I know this subject gets talked about a lot and it's generally frowned upon to drink this stuff - however a friend of mine has ordered some of this from coffee-direct for a forthcoming weekend holiday. They say on their website that they definitely do not use beans from farmed sources. Can anyone confirm or deny this with any research to back it up? Is it likely to be iffy stuff from this supplier? I'm not interested in hearing that it's not worth the money - like I said a friend has ordered it in good faith that we will enjoy it and I'm keen to try it for myself. I am not, however, keen to promote unethical produce as in that respect I'm a bit of a hippy.

I'd be grateful for any decent knowledge regarding this particular supplier. Cheers.


----------



## Dylan (Dec 5, 2011)

It is pretty much definitely 'farmed', I would be surprised if they said it wasn't. It is more likely not 'caged'. Like farming chickens, it is better to allow them out in a field to run around than it is to keep them in a cage.

To not be farmed would be allowing an animal to eat your coffee plants and then hoping to high heaven you could find its poop afterwards.

Any industry which uses an animal for food production takes the animal out of its natural habitat, usually the breeding is controlled and they are given food (coffee cherries, obviously), the more demand there is the more pressure is put on a limited amount of animals to produce more food, or they need more animals in a small space. None of the countries which produce KL coffee have the best reputation for animal rights, our own arent exactly great, theirs are worse.

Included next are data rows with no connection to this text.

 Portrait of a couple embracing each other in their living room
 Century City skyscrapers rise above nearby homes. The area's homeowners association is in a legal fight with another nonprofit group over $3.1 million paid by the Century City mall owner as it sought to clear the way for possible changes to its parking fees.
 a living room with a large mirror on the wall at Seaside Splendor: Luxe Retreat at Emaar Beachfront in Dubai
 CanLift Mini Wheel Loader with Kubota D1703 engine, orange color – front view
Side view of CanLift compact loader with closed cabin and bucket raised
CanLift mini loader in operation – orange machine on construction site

The question is wether you want to support an industry that will, at some point, be negatively affecting an animal, it may not be directly and it may be as far removed as the demand you are creating will mean a different farmer treating a different animal badly, but the responsibility is spread. It is the same decision you make when you ride an elephant, or watch a monkey perform, exploitation is likely.


----------



## Jumbo Ratty (Jan 12, 2015)

Dylan said:


> It is pretty much definitely 'farmed', I would be surprised if they said it wasn't.

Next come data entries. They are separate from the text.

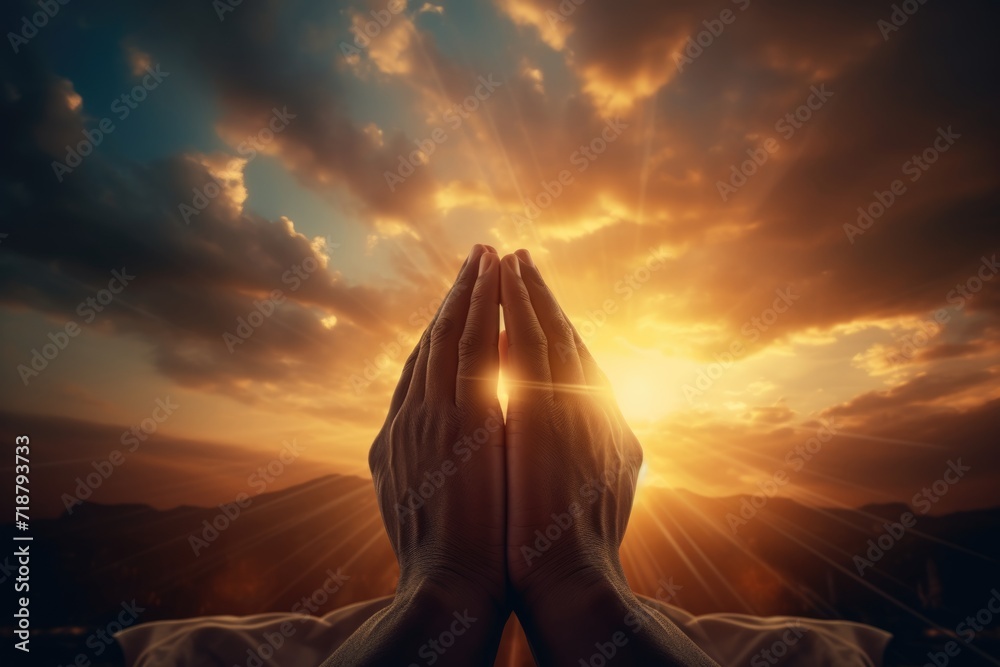 Raised hands in worship to sunset sky. Christian faith concept. - obrazy, fototapety, plakaty 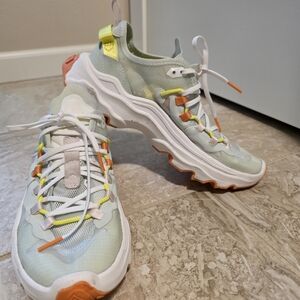 Sorel Women's Kinetic Breakthru Athletic Shoes in White, Orange, and Yellow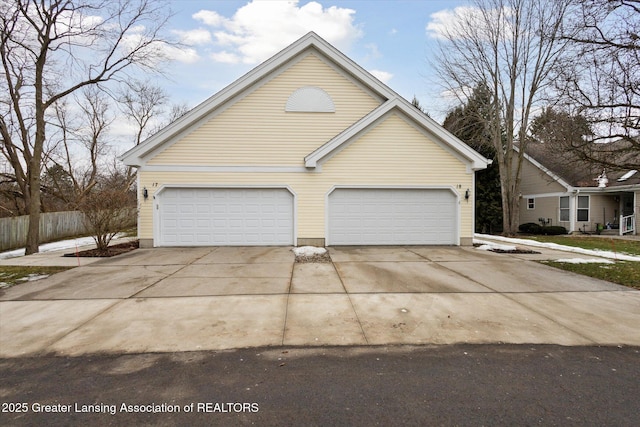 view of home's exterior with a garage and driveway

They do state quite clearly it is not farmed on their website

"We are fundamentally opposed to captive civet cats being used in the production of Kopi Luwak.

* Our Kopi Luwak is imported only from natural, ** non-farmed **sources**."*


----------



## Dylan (Dec 5, 2011)

Jumbo Ratty said:


> They do state quite clearly it is not farmed on their website
> 
> "We are fundamentally opposed to captive civet cats being used in the production of Kopi Luwak.
> 
> * Our Kopi Luwak is imported only from natural, ** non-farmed **sources**."*


So they do, I wouldn't trust that at all.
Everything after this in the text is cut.